This flow bulk-loads data into Amazon Redshift using a COPY command you write yourself. It copies files from the source to S3 and then runs your COPY. Sources can be local or cloud storage, API responses, email attachments, or objects in a NoSQL database.
Compared to the auto-generated alternative: use the Bulk load files in S3 into Redshift flow when you want Etlworks to generate the COPY for you (and you want MERGE support). Use this flow when you need full control over the SQL.
How does this flow work?
- Copies files from the source to S3.
- Executes your user-defined COPY command against Redshift.
- Optionally cleans up staged files.
Note: Unlike the auto-generated bulk-load flow, this flow does not support automatic MERGE.
What do I need before I start?
- Redshift is up and reachable from your Etlworks instance.
- The Redshift user has INSERT on the target tables.
- An S3 bucket exists and Redshift can read it.
Step-by-step setup
- Create a source connection.
- Create and test a Redshift connection.
- Create an S3 connection. Set Archive file before copying to GZip.
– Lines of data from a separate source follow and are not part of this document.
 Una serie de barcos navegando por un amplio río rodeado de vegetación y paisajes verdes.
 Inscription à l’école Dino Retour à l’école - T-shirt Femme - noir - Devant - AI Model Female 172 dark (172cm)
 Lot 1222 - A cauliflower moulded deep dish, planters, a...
- Open Flows, click Add flow, type Redshift, and select Copy files into Redshift.
- Set FROM to the source connection + a filename or wildcard (e.g. *.csv).
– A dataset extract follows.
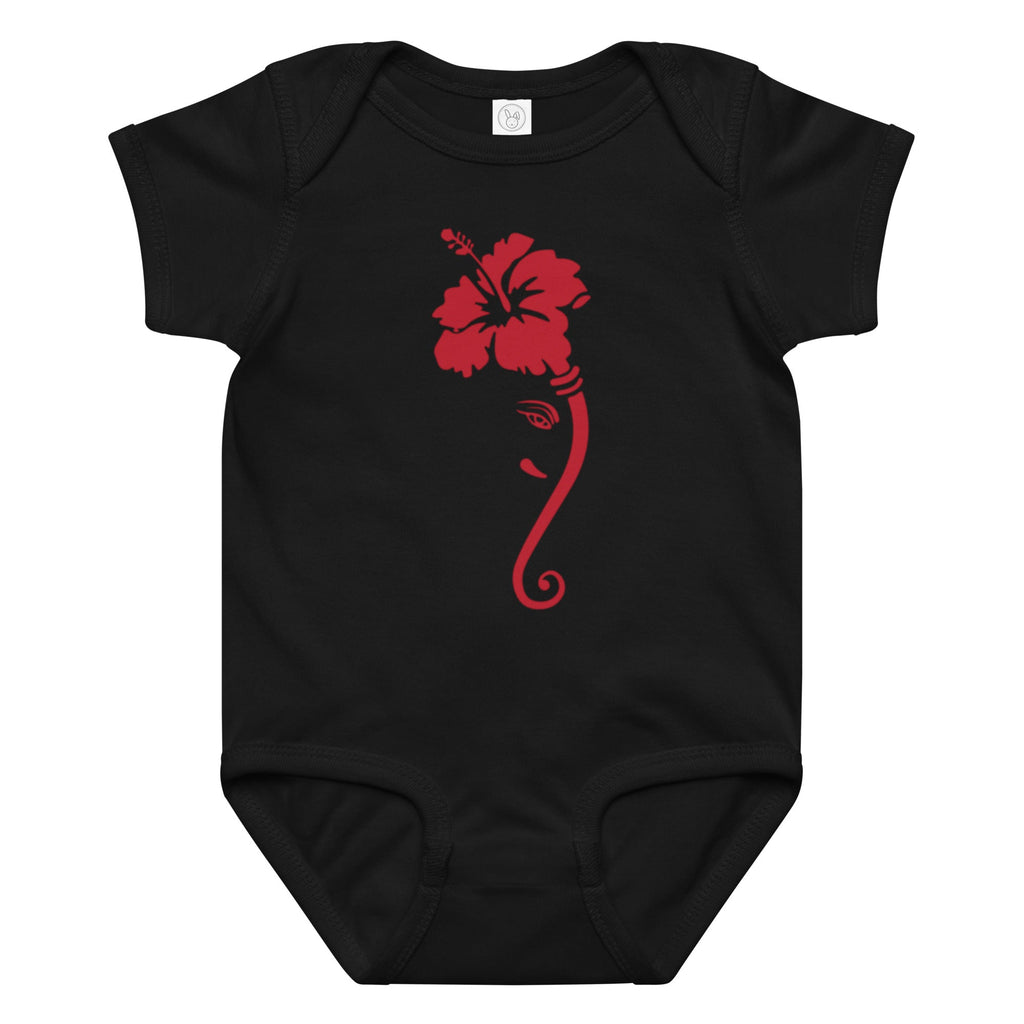 Ganpati Hibiscus Baby boy and girl jersey bodysuit - Nookshi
- Set TO to the S3 connection + the base destination table name (no database or schema).
- Open the Connections tab and pick the Redshift connection.
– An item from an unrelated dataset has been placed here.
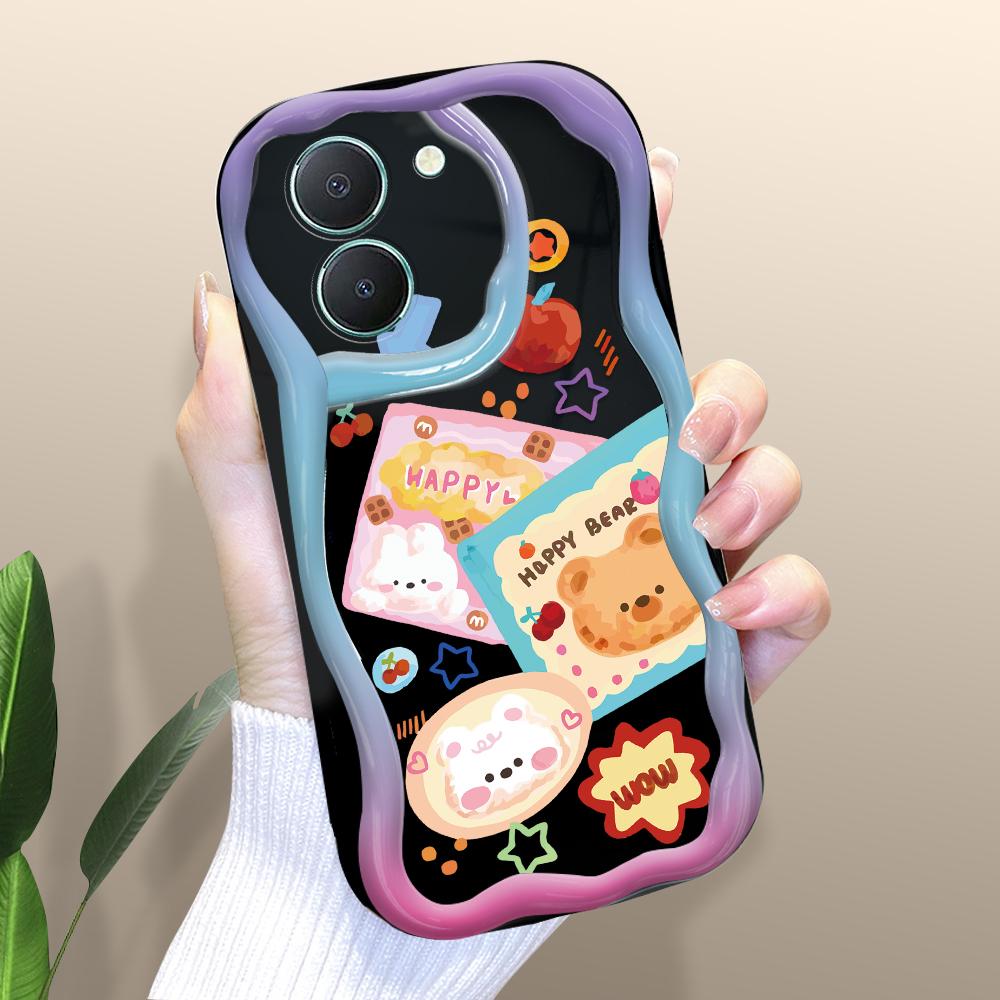 

Милий мультяшний візерунок, кремовий текстурний корпус, м’який силіконовий чохол з хвилястим краєм для телефону Vivo Vivo V29 Lite 5G чорний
- Click MAPPING, open Parameters, and fill in Copy SQL. See the Redshift COPY command reference for the full syntax.
Optional parameters
| Parameter | What it does |
|---|---|
| Action | Move (default): copy to S3 and delete from source. Copy: copy to S3 and keep the source file. |
| Add Suffix to the Destination File Name | Adds a suffix to the staged filename. Default uuid appends a globally unique identifier so dest.csv becomes dest_uuid.csv. |
| Do not process files that have been already processed | Skips files Etlworks has already loaded. |
| Maximum Simultaneous Operations | How many file copy/move operations run in parallel. |
| Purge File(s) if Error | On by default. Deletes staged files if COPY fails. |
| Name(s) of the File(s) to Purge | Wildcard for files to delete on error. Defaults to the pattern used in COPY. |
| Before COPY SQL / Ignore errors | SQL to run on Redshift before COPY, with optional error suppression. |
| After COPY SQL / Ignore errors | Same, but after COPY. |